Let’s get one thing straight, I’m not saying women can’t successfully raise their kids without a male partner to support help them, but some things in life require both parents to raise children.
I was raised by a single mother who supports me and did an exceptional job in helping me get to where I am today. She is truly an outstanding woman whom I admire greatly. After getting a divorce with my father, my mother went back to college to get her degree and is now a licensed dental hygienist. My mother spent endless hours working to support us all while going to school and I am so proud of the women she is. My mother taught me how to work hard and give nothing less than my best in anything I do. As much as I admire my mother the one thing I needed to be taught in life, she could not teach me.
Not having a constant father figure in my life resulted in some of the most difficult years of my life. I did not have a father to look up to whom I could compare with when the time came for me to find a partner. I involved myself with the wrong type of boys who had no respect for women and treated them like they were nothing. Yet I had no idea what to look for in a man because I never had a male figure in my life to show me what qualities my partner should have. The role of a father, like any parent, is to positively influence their child and help them grow by teaching them what is right and wrong. When a father figure is not present in a daughter’s life, it can alter one's perception of how we should allow our partner to treat us.
There is significant importance in a male’s role in a relationship when raising children. It’s not a matter of establishing a patriarchal society where women learn to be submissive nor is it a catalyst for rape culture. But rather, having a present father figure allows daughters to understand how they should and should not be treated in regards to dating, and in life. A fathers goal isn’t to convince his daughter that she should be submissive towards men, but the exact opposite. Fathers teach their daughters to be independent and that they shouldn’t rely on men for happiness but themselves instead.

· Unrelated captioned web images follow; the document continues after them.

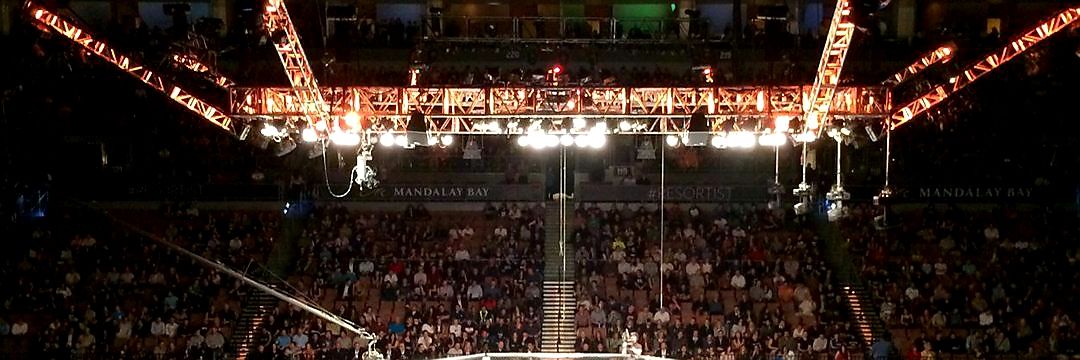 MMAFreakOut's profile banner image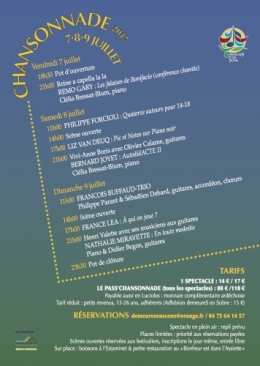 Programme chansonnade 2017.jpg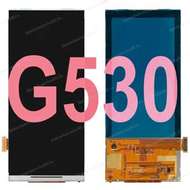 Замена экрана Samsung Galaxy Grand Prime G530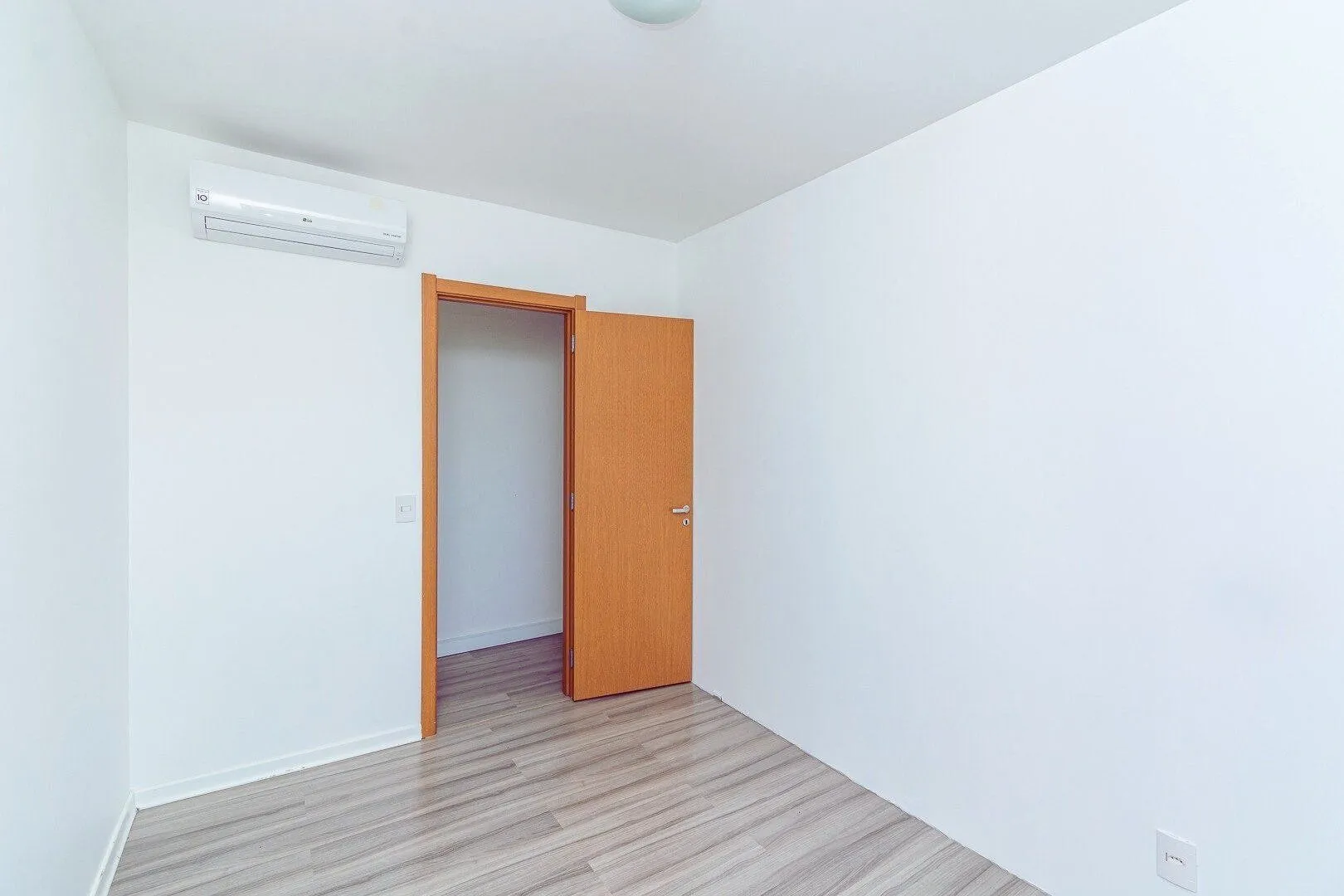 Imagem Apartamento em Cavalhada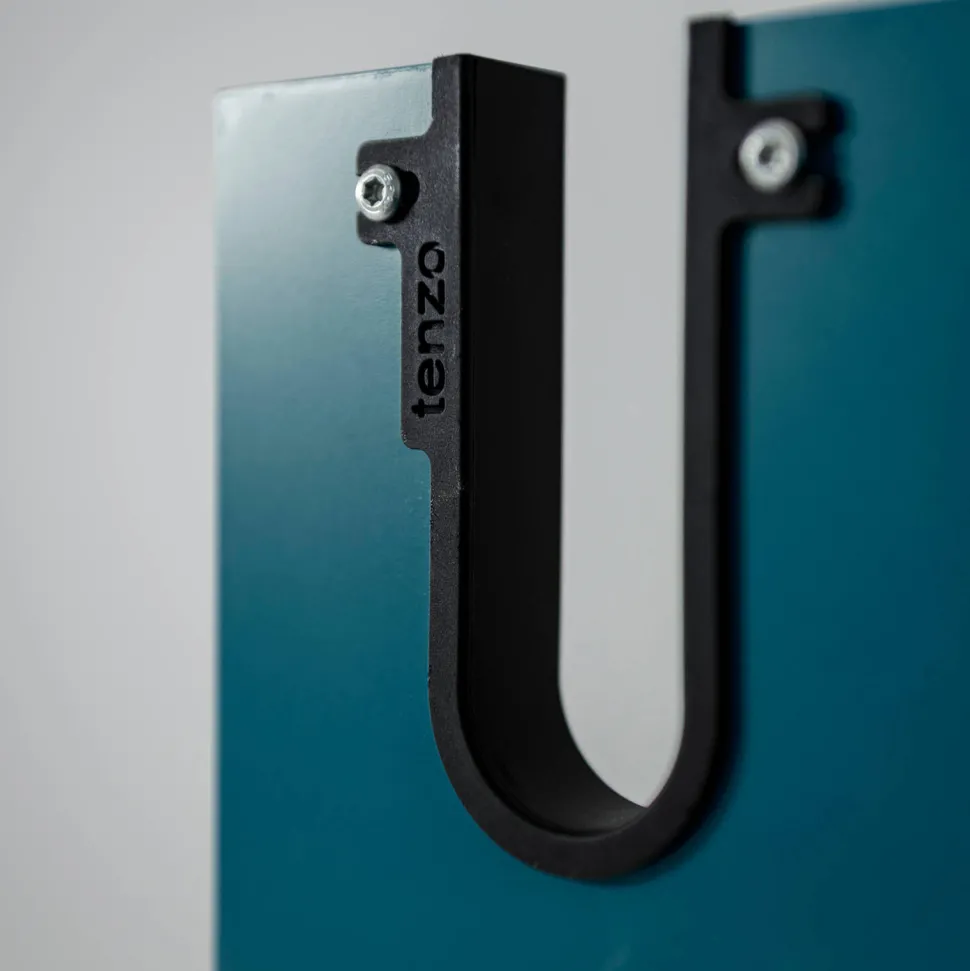 Tenzo Dressoir Uno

Just because father’s practice father-daughter dates doesn’t mean they are molding their daughter into submissive individuals with “dependent” branded on their forehead. Father-daughter dates ensure that daughters are able to spend quality time with the one man they can always trust, and learn one of the most valuable lessons in life: making sure their future partner treats them with the same respect and compassion that is given to them by their fathers.